### What you will do
As the lines appear below, please set them down exactly, starting at the first and finishing with the one containing "Estrogen Receptor alpha Polyclonal Antibody".

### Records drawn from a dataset
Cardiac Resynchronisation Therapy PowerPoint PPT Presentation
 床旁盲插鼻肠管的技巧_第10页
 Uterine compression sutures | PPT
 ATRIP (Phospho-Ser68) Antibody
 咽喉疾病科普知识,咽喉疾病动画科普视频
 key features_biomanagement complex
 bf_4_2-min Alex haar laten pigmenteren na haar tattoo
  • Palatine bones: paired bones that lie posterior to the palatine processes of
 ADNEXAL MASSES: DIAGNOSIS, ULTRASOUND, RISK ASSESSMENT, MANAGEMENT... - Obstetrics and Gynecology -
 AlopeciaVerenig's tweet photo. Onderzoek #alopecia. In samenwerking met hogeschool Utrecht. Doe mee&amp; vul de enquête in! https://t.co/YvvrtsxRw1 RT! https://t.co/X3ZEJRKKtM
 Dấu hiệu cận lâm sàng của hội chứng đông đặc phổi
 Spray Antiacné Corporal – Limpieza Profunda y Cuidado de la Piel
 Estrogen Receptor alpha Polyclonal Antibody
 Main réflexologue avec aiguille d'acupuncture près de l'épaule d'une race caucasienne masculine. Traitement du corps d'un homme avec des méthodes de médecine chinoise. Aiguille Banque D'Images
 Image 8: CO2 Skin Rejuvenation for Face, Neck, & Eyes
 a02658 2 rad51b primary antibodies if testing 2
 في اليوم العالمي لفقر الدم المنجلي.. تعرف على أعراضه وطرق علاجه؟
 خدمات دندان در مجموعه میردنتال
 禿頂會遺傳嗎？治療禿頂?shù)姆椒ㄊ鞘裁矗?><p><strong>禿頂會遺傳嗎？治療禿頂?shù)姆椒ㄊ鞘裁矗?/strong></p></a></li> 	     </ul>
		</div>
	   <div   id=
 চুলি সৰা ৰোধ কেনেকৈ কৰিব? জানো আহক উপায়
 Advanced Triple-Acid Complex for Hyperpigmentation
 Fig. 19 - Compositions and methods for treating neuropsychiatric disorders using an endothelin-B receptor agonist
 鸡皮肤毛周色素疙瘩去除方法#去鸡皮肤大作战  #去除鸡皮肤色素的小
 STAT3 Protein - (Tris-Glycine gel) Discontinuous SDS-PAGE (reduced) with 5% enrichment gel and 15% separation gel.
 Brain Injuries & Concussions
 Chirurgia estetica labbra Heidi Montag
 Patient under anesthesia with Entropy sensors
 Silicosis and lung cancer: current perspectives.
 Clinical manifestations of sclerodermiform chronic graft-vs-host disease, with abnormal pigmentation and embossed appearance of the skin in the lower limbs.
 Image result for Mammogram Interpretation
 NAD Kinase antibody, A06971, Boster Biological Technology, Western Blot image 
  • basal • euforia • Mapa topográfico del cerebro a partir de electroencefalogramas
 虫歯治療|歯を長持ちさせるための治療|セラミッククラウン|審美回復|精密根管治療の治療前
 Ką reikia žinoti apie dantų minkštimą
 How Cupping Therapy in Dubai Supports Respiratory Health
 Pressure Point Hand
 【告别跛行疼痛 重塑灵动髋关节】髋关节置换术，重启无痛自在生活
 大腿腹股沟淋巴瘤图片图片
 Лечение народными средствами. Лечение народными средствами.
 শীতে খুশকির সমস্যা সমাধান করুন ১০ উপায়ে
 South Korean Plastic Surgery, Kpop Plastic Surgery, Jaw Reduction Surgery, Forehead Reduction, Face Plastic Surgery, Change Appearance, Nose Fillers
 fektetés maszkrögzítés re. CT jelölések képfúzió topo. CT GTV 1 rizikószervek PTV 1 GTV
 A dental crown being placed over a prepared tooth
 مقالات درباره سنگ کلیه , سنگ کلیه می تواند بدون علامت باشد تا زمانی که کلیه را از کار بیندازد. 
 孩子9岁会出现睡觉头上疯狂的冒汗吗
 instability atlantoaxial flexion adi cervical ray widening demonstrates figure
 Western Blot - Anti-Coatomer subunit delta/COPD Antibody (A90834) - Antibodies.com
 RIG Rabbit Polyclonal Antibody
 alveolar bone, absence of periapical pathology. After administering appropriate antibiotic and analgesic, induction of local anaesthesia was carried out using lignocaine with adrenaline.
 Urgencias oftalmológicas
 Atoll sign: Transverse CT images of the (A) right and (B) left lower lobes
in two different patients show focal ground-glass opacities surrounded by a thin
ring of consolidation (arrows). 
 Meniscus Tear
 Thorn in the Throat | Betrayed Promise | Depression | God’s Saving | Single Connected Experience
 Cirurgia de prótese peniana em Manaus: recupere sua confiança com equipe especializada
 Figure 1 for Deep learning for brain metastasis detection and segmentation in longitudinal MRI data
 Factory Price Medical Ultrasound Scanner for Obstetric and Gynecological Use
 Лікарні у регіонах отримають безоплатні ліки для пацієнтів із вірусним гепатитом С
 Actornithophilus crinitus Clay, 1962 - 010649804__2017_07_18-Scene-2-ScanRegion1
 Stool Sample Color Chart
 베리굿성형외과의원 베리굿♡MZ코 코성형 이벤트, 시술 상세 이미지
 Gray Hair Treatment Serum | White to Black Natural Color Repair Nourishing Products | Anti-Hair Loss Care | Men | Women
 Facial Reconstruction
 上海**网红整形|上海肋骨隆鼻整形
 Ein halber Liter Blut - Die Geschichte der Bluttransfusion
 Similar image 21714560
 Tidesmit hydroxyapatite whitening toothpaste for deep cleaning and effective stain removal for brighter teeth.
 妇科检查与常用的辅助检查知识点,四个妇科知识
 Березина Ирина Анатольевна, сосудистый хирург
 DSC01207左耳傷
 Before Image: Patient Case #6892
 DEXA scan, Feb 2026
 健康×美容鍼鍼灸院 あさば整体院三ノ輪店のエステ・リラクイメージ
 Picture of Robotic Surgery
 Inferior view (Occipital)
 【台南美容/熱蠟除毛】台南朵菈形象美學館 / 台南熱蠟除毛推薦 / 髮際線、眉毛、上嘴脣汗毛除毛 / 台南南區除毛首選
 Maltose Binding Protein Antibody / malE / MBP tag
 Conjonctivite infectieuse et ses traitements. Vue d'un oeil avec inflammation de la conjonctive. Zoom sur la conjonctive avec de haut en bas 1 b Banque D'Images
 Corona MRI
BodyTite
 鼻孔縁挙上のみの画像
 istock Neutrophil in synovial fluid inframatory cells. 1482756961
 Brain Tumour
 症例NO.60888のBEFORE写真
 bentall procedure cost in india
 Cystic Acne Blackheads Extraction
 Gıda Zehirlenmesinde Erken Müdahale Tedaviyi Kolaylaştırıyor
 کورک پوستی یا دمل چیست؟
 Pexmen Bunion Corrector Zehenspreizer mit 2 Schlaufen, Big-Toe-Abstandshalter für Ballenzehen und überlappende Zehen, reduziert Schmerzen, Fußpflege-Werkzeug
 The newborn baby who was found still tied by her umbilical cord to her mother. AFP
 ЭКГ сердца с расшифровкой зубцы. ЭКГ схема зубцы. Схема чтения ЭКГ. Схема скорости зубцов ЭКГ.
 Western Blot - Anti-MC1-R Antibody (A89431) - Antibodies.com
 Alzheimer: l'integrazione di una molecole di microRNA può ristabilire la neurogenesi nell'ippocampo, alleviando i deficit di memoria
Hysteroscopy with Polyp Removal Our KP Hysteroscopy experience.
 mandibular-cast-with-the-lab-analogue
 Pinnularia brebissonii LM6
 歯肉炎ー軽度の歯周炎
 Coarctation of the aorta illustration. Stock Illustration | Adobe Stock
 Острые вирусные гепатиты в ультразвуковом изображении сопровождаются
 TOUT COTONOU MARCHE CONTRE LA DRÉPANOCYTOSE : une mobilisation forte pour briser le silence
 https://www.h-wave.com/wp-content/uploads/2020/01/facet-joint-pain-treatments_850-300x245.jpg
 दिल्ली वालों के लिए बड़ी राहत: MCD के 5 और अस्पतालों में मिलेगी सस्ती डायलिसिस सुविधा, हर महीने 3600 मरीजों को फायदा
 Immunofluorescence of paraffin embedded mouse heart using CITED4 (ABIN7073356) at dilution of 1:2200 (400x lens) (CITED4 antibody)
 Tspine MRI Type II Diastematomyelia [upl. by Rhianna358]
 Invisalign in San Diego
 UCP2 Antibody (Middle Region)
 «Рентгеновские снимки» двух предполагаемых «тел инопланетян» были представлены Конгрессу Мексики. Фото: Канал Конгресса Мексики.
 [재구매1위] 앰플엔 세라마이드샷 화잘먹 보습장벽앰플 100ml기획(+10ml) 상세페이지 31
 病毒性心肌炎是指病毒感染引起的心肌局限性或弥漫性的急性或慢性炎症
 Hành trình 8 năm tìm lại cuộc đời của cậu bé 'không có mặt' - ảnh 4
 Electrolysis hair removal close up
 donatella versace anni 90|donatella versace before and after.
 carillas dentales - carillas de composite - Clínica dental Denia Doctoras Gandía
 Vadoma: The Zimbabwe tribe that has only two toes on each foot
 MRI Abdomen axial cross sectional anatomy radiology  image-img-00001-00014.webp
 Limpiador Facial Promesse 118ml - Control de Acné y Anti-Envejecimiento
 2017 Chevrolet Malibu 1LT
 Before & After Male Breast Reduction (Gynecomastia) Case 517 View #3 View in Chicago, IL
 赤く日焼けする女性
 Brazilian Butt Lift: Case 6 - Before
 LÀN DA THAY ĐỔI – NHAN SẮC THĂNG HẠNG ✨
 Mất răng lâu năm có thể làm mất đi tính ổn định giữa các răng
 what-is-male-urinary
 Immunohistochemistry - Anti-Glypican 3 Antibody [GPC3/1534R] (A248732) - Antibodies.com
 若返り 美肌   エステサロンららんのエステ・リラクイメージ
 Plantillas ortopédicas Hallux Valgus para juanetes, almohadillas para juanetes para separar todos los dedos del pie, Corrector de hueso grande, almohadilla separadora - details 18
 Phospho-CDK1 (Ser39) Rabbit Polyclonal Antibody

### Finished task
Cardiac Resynchronisation Therapy PowerPoint PPT Presentation
 床旁盲插鼻肠管的技巧_第10页
 Uterine compression sutures | PPT
 ATRIP (Phospho-Ser68) Antibody
 咽喉疾病科普知识,咽喉疾病动画科普视频
 key features_biomanagement complex
 bf_4_2-min Alex haar laten pigmenteren na haar tattoo
  • Palatine bones: paired bones that lie posterior to the palatine processes of
 ADNEXAL MASSES: DIAGNOSIS, ULTRASOUND, RISK ASSESSMENT, MANAGEMENT... - Obstetrics and Gynecology -
 AlopeciaVerenig's tweet photo. Onderzoek #alopecia. In samenwerking met hogeschool Utrecht. Doe mee&amp; vul de enquête in! https://t.co/YvvrtsxRw1 RT! https://t.co/X3ZEJRKKtM
 Dấu hiệu cận lâm sàng của hội chứng đông đặc phổi
 Spray Antiacné Corporal – Limpieza Profunda y Cuidado de la Piel
 Estrogen Receptor alpha Polyclonal Antibody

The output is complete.